Tribunal Decision. The Tribunal reversed the ALJ’s determination that no retroactive application of a statute had occurred. While seeing the “common sense” in the ALJ’s conclusion, the Tribunal found that “there is no rule” that a statute adopted during an open tax year and made effective as of the beginning of the year “automatically is determined not to have a retroactive effect.” Here, the application of the new amendments rendered NRG unqualified to participate in the QEZE program as of January 1, 2009, based upon program requirements that were not in effect until April of that year. Therefore, the Tribunal found that application of the amendments attached “new legal consequences” to events that had occurred prior to their enactment, and were therefore retroactive in application, citing Landgraf v. USI Film Prod., 511 U.S. 244 (1994). 

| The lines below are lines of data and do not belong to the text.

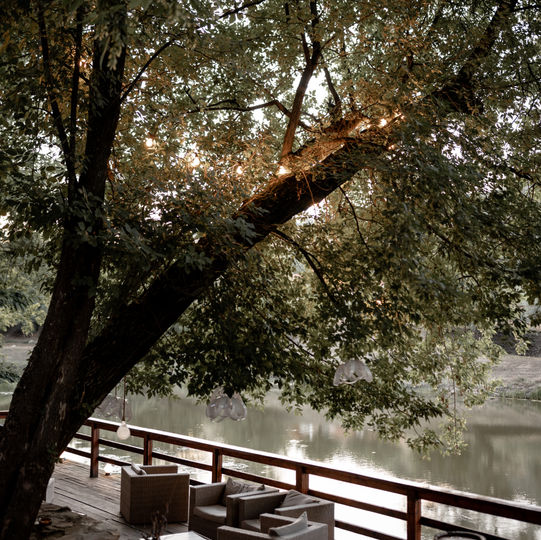 Cum alegi locaţia ideală pentru conferinţe, seminarii și petreceri de firmă?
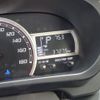 daihatsu boon 2018 -DAIHATSU 【名変中 】--Boon M710S--0002408---DAIHATSU 【名変中 】--Boon M710S--0002408- image 17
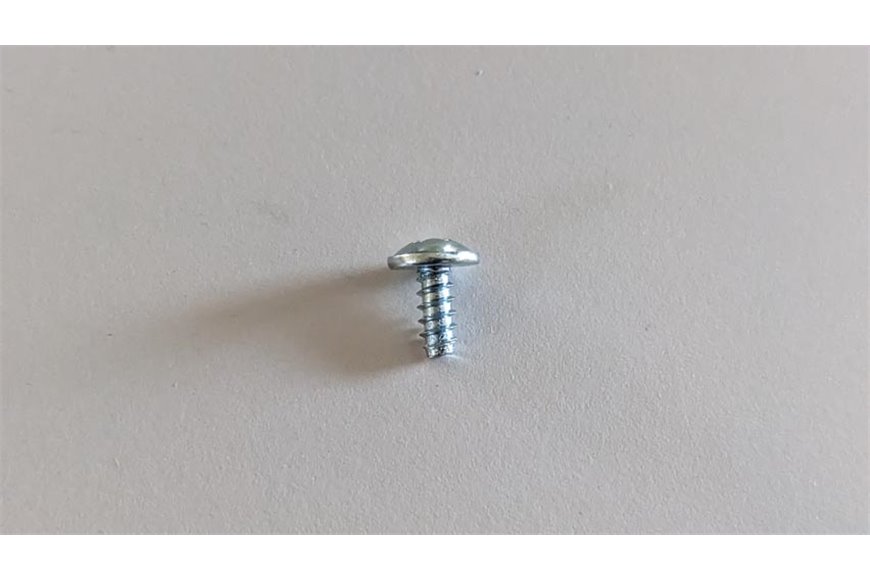 Tornillo - Original Emak - 3960137R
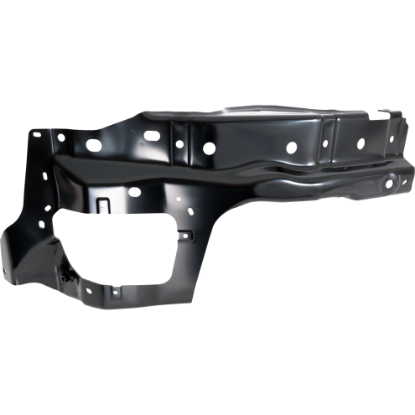 Picture of Bumper Bracket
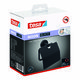 Toilettenpapierhalter Tesa MOON - Miniaturansicht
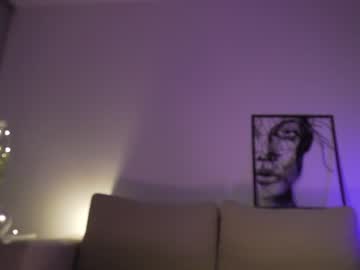 webcam girl lucie_beltran capture image #5134967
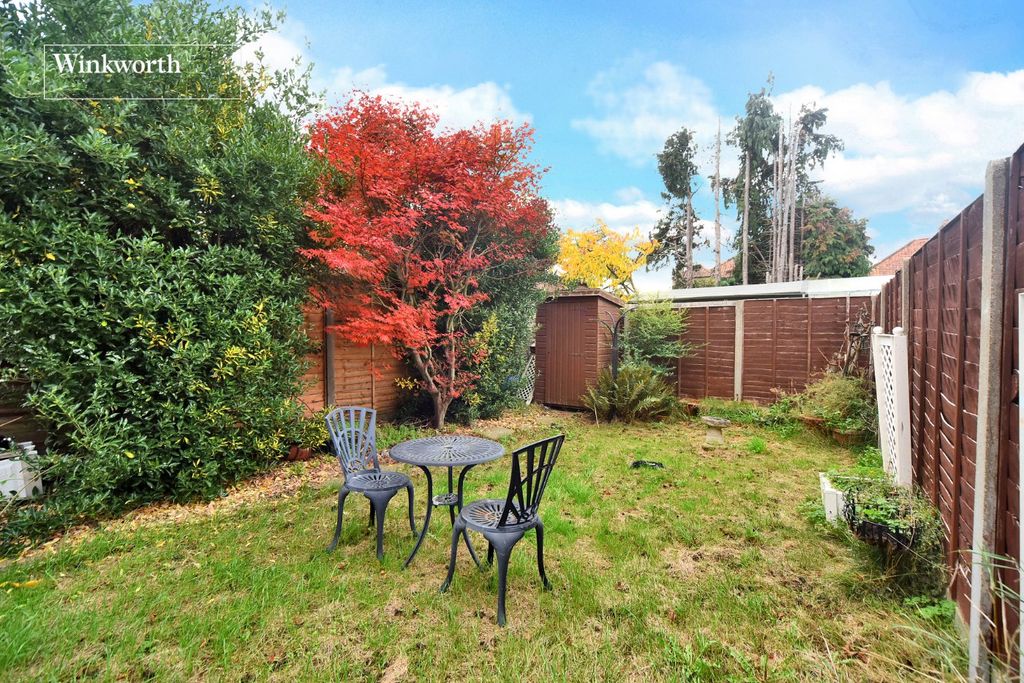 Property photo 2 of 13 Picture No. 06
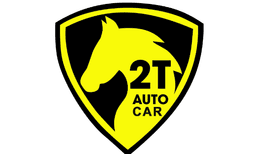 Công ty TNHH TM DV T&T MN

After determining that the application of the amendments was indeed retroactive, the Tribunal turned to the question of whether that retroactive application was constitutional, under the factors set forth, most recently in James Square, 21 N.Y.3d at 246, and in Matter of Replan Development v. Department of Housing Preservation & Development, 70 N.Y.2d 451, 456 (1987). However, this issue had not been reached by the ALJ, because she had found that there was no retroactive application at all. The Tribunal therefore remanded the case to the ALJ for consideration of this issue, which had already been the subject of evidence and argument. 

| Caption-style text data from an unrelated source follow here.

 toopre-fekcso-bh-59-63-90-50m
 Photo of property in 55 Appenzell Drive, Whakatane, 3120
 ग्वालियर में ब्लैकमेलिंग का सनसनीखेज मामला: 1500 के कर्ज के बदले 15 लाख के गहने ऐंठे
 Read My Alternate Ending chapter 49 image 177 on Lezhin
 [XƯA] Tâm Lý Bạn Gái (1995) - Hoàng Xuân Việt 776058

Retroactive application of statutory amendments continues to be a contentious issue in the state tax area. In James Square, New York’s highest court did find the retroactive application unconstitutional, but in Burton v. New York State Department of Taxation & Finance et al., 25 N.Y.3d 732 (2015), and Caprio v. New York State Department of Taxation & Finance et al., 25 N.Y.3d 744 (2015), the Court of Appeals rejected challenges to the validity of a 2010 statutory amendment that changed the treatment of gains recognized by a nonresident on the sale of S corporation stock. The Court of Appeals in James Square has already found that application of these exact 2009 amendments to the 2008 year was unconstitutional, rejecting the Department’s arguments that the change, for example, served an important public purpose, and determining that the taxpayers were “being punished” for behavior that had already occurred and they could not alter. The only new consideration is whether the shorter period of retroactive application—which had been over a year in James Square, but in NRG is only a little more than three months—will lead to a different determination on constitutionality.